Senators Benefitting from Gong Show of a Division

By the way, when you Google Image search “Gong show” this is the fourth picture that comes up.

—-

There are always one or two franchises that seem to go completely off the rails in a given NHL season, but rarely have so many of them been located in the same division as our Ottawa Senators. If you had told everyone at the beginning of the season that the Northeast Division would be the site of a few public meltdowns, I’m sure all of those same experts picking Ottawa to finish dead last in the league would have said the Senators would have to be one of them.
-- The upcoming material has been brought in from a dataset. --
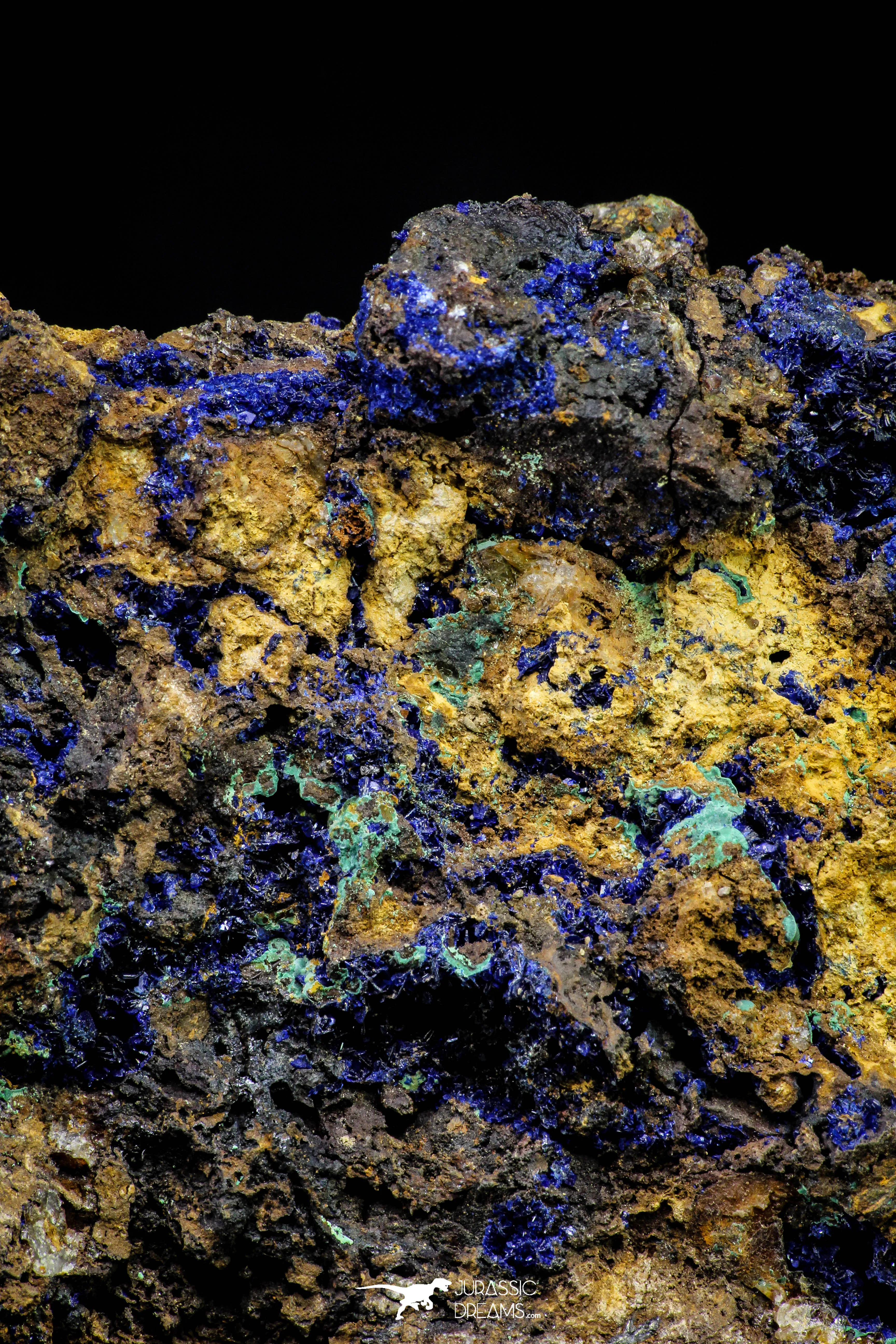21194 - Beautiful Azurite Cristals   Malachite Cristals in Quartz Matrix - Alnif (South Morocco)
How could it possibly be the newly-rich Buffalo Sabres? They could be forgiven for looking at their line up and thinking they were only one or two pieces from contending. They have $3MM-$4MM players throughout the depth chart; they had a goaltending tandem any GM in the league would be happy with; even if a player like Brad Boyes isn’t going to get you 40 without Kariya, you’d think he could pot, what, 15? Most of that depth, underwhelming though it is, are on expiring contracts – now is the time to spend, right? And spend they did. Not wisely, but surely the sheer amount must have counted for something. Their problem, though, is the limited, or rather selective, accountability employed: the coach and GM cannot be fired, both still in place 12 years after their ascension to mediocrity. The players are sent the message that no matter the result, it falls on them. Why on earth, if you’re a second line Buffalo Sabre, would you play for Lindy Ruff? Meanwhile, their new owner promises the Cup then hits the panic button faster than anyone, calling his Olympian goaltender out in the media. They’ve become the most disappointing team in the league, but it seems like all of the problems are happening at the top of the chain. I can’t wait to see what happens this offseason when Regier, surely still in place, tries to fix the mess he made.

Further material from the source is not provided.